Kültür Sanat Hiç bitmeyen ‘Etkileşimler’

Hiç bitmeyen ‘Etkileşimler’

29.08.2021 - 07:00 | Son Güncellenme:

İstanbul Modern’in yeni koleksiyon sergisi “Etkileşimler” sanatçının farklı disiplinlerle ve kendiyle etkileşimine odaklanıyor

Hiç bitmeyen ‘Etkileşimler’

Seray Şahinler - Pandemi süreciyle birçok müze ve galerinin sergi planında aksamalar yaşandı. Uzun süren kapanmalar nedeniyle ziyaretçiyle buluşamayan müzeler uluslararası ve yerel işbirliklerindeki aksamalarla bir süredir kapsamlı sergiler düzenleyemiyor. Bu noktada özellikle müzelerin önemli bir avantajı var: “koleksiyonlar.” Büyük müzeler eşsiz koleksiyonları sunmak için pandemi sürecini iyi değerlendirdi. Önce Sabancı Müzesi, Türk resminin en önemli ressamlarından oluşan ve Türk resim tarihi için paha biçilemeyecek koleksiyonundan bir seçki hazırladı. Şimdi ise İstanbul Modern bir koleksiyon sergisiyle karşımızda.

Haberin Devamı

Beyoğlu’ndaki geçici binaya veda etmeye hazırlanan İstanbul Modern, yeni sezona 15 eserden oluşan “Etkileşimler” sergisiyle ‘merhaba’ dedi. Yaşadığı ülkeden, sosyal ve politik çevreden etkilenen sanatçıların ilham kaynağı bazen sadece kendileri olabiliyor. “Etkileşimler” sergisi ise bu “içe dönüş”ün bir yansıması. Sergi, sanatçıların ilham kaynaklarını, ilgi ve meraklarını yansıttığı gibi sanatın dalları arasındaki göndermeleri de işaret ediyor. “Etkileşimler”, sanatçıların üretimlerini biçimlendiren esin kaynaklarının neler olabileceğini ve hangi düşüncelerden, sorulardan yola çıktıklarına da bakıyor.

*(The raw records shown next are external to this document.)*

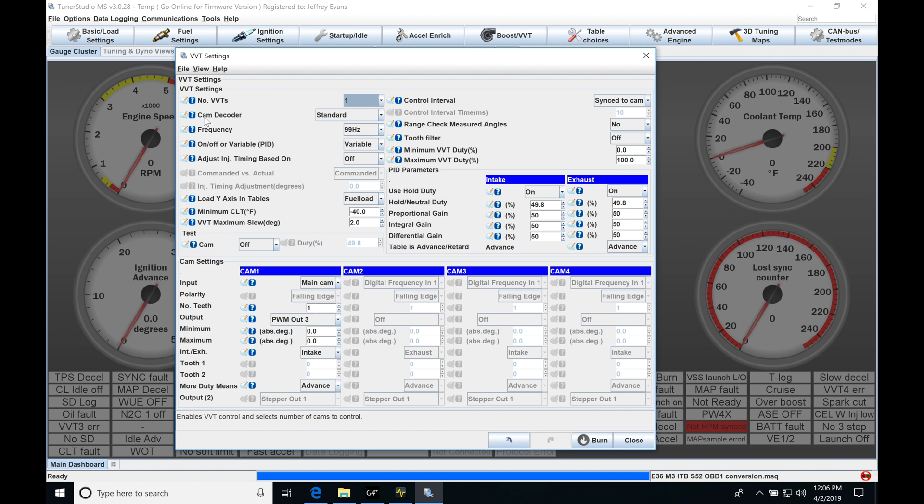And then on the variable cam engines, we typically have another position sensor that's going to allow us to monitor what the variable cam is doing and when it rotates. So if we use cam decoder standard, that's going to be assuming we have a standard pattern that we can spec out here with the number of teeth. We'll be talking about this as we get into that section.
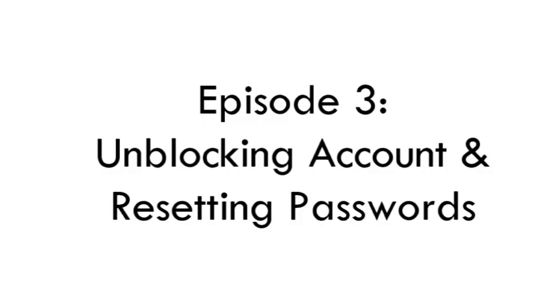Hello and welcome to episode 3 in how to WeChat. In this episode I will provide help and guidance for account passwords and unblocking your account.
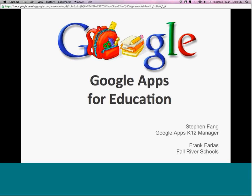I just want to give you a quick overview of our agenda for today. I'm going to quickly do a Google Apps for Education overview, going through what the different applications are as well as some of our features. And I have Frank from Fall River Schools to share his experience.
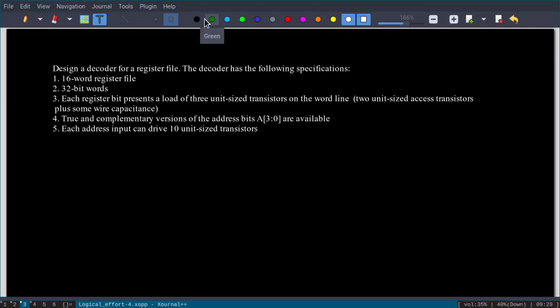In this video, I am going to design a decoder for a register file. The decoder has the following specifications: it is a 16-word register file and each word is 32 bits. Each register bit presents a load of three unit-size transistors, so the total capacitance will be 32 × 3 = 96. The true and complementary versions of the address line are available, meaning each address input can drive 10 unit-sized transistors.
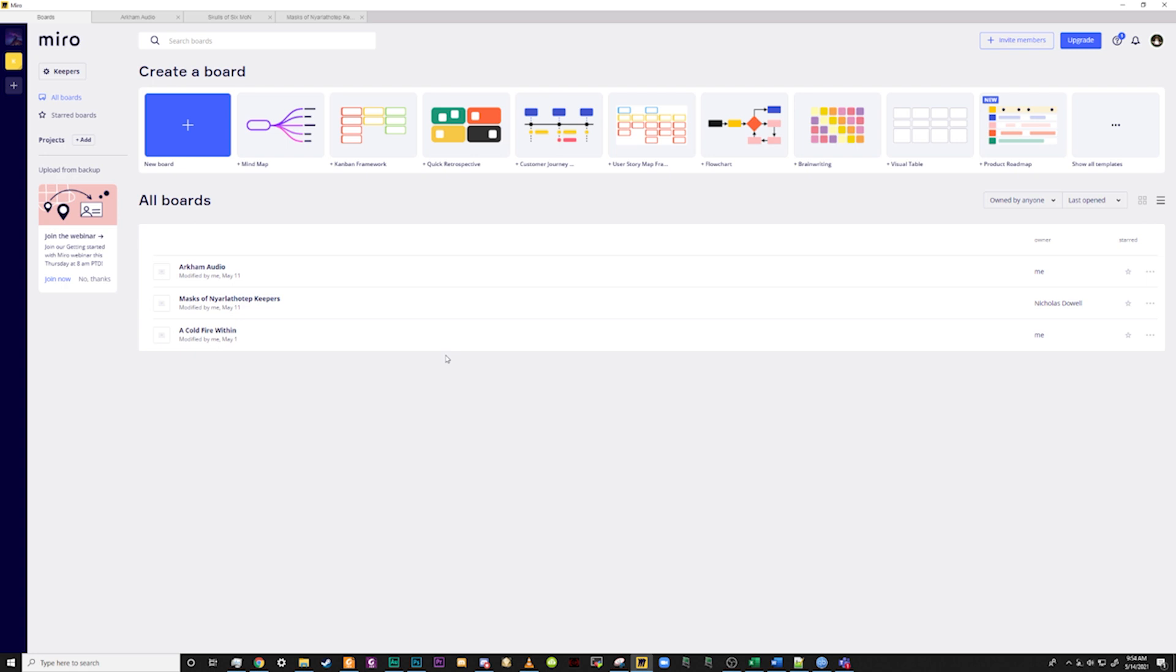So once you have the program installed and created an account, you should be at the dashboard. Under the Create Board section, let's click the New Board icon. There are a lot of templates that you can use, however, for what we are covering, a blank board will work best, but feel free to check them out.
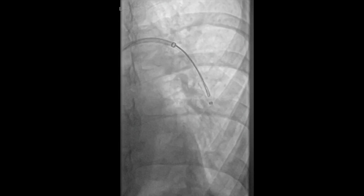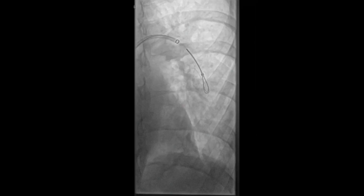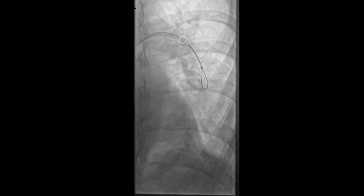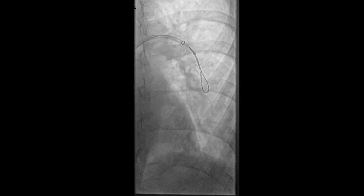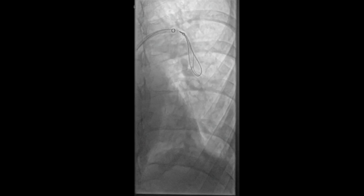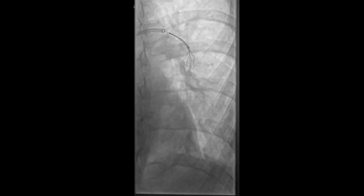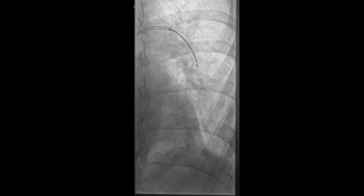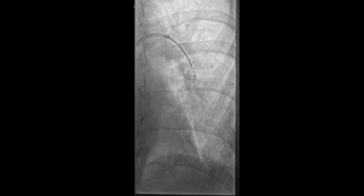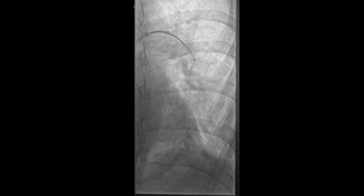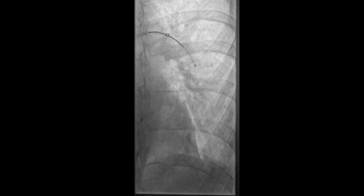Next, we advanced our ensnare into the left lower segmental pulmonary artery. The wire fragment was then captured in the ensnare and withdrawn into the sheath as shown here.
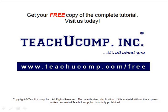Get your free copy of the complete tutorial at www.teachucomp.com forward slash free.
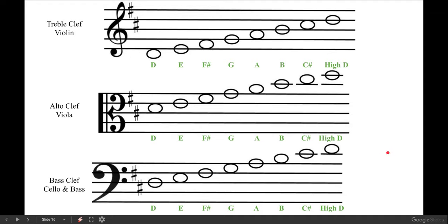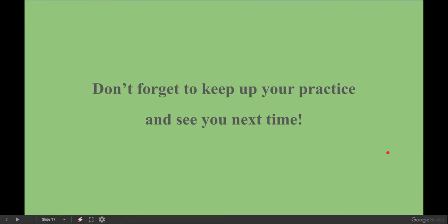This is a very important slide because it shows all eight notes of the D major scale for your instrument. I will include this slide in your Google Classroom so that you can look at it, study it, use it to help complete the worksheet, and even use it to help you read some of the songs in your book. Excellent focus this week, students. I hope you're having a nice week and enjoyed learning about reading the notes on the staff. Don't forget to keep up your practice and I look forward to seeing you next time.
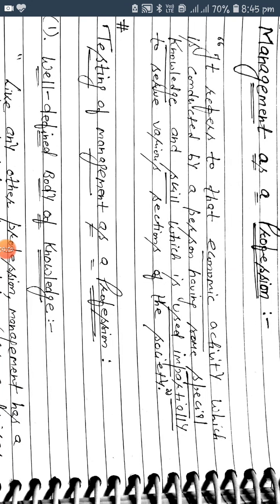Hello, good morning students, welcome back. Today we are discussing management as a profession. The profession is a step forward. How is this step forward? Let's check.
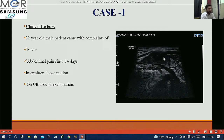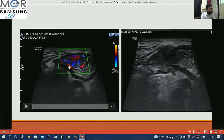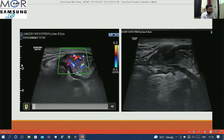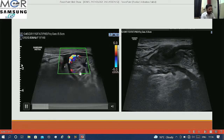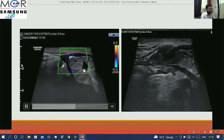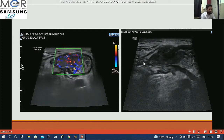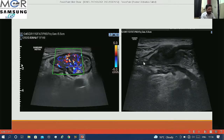On ultrasound examination we can see that there is a segmental bowel wall thickening, predominantly hypoechoic in appearance. On color Doppler we can see significant raised vascularity within, as well as a few sub-centimetric lymph nodes.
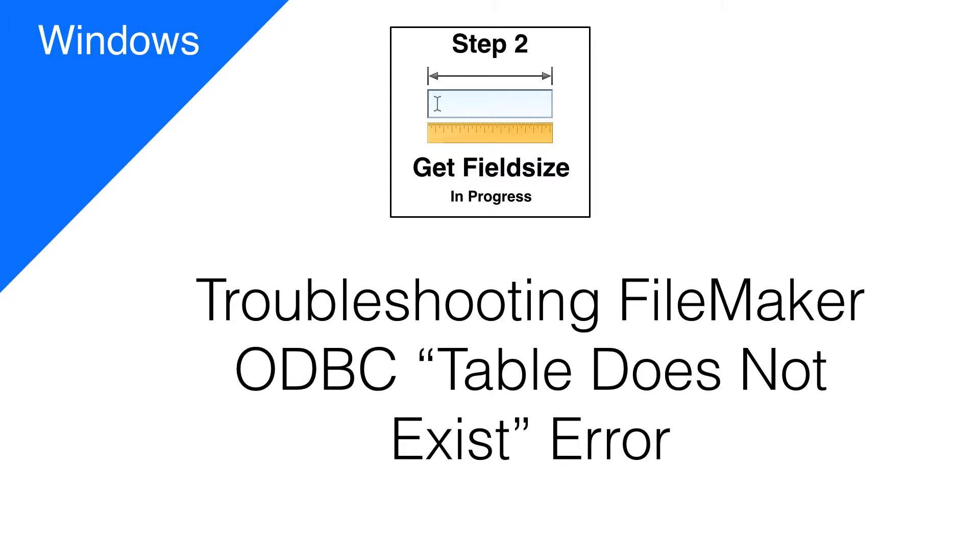This short video explains how to resolve the FileMaker ODBC Table Does Not Exist Error. This topic applies to both Mac and Windows installations, but it is included in the Windows playlist because it was omitted from the Step 2 video.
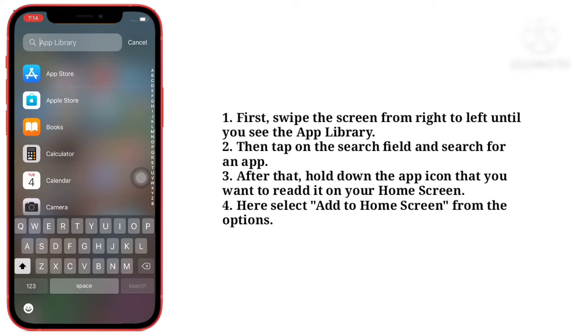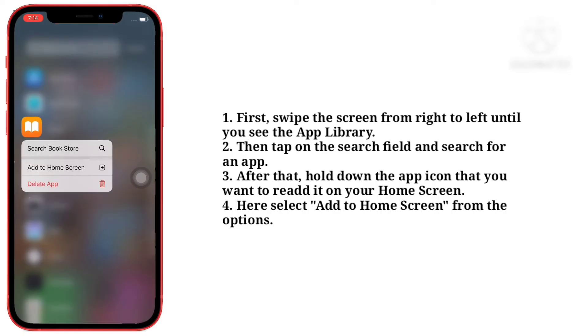After that, hold down the app icon that you want to re-add to your home screen. Here, select 'Add to Home Screen' from the options. That's it.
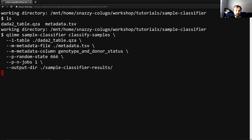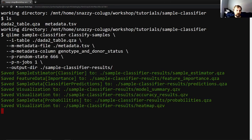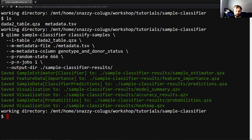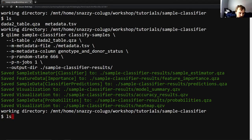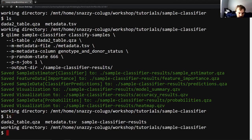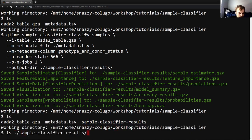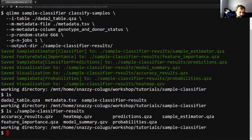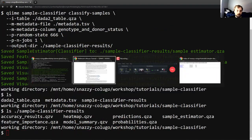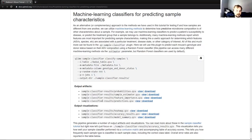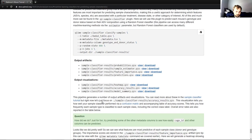And when it's finished, you'll see that we have seven files. Four QZAs, three QZVs, all in this sample classifier results directory, and there we are. So what are we going to do with this? Well, what we're going to do is check how we did.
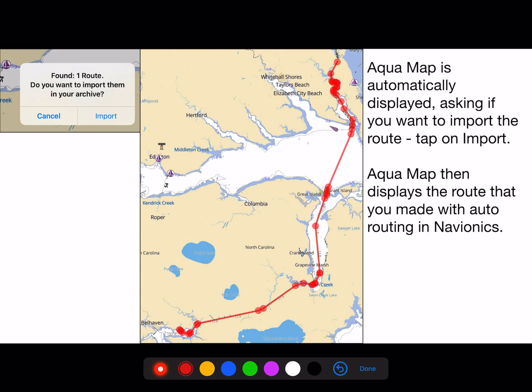Aquamap is automatically displayed, asking if you want to import the route. Tap on Import. Aquamap then displays the route that you made with auto-routing in Navionics — you get the same route in both Navionics and Aquamap. You can share routes back and forth. If you have a route in Aquamap that you want to put in Navionics, use the same technique. Load it in Aquamap first, and then from Aquamap you can transfer it to Navionics without having to download it again off the website.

Güncelliğini kaybetmeyen işler

Sergide Haluk Akakçe, Ramazan Bayrakoğlu, İpek Duben, İnci Eviner, Leyla Gediz, Hayal İncedoğan, Bengü Karaduman, Azade Köker, Guillermo Kuitca, Mahmoud Obaidi, Sarkis, Matt Saunders, Şener Özmen ve Thomas Ruff’un yapıtlarını izlemek mümkün.

Haberin Devamı

Eserlerin büyük bölümü daha önce farklı sergilerde izleyiciyle buluşan işlerden oluşuyor. Fakat koleksiyondan ilk kez çıkan eserler de var. Disiplinlerarası etkileşim ise sergiye lezzet katan noktalardan. Edebiyat, sinema ve mimari atıflardan oluşan işler de birbiriyle etkileşim halinde. Japon anime ve mangalarından, Brecht’in 1932 tarihli filminden bir kareye, Tanpınar’ın “Huzur” romanından alıntıyla yüzleşmeye, Yerebatan Sarnıcı’ndan Irak Savaşı’na ve bozkırın ortasında sesini hem dünyaya hem sanat piyasasına duyurmaya çalışan sanatçıya uzanan işler arasında çok yönlü bir “etkileşim” söz konusu. 1990’lardan günümüze farklı zaman diliminde üretilen eserler, geçen süreçte değişen pek bir şeyin olmadığını da fısıldıyor izleyiciye.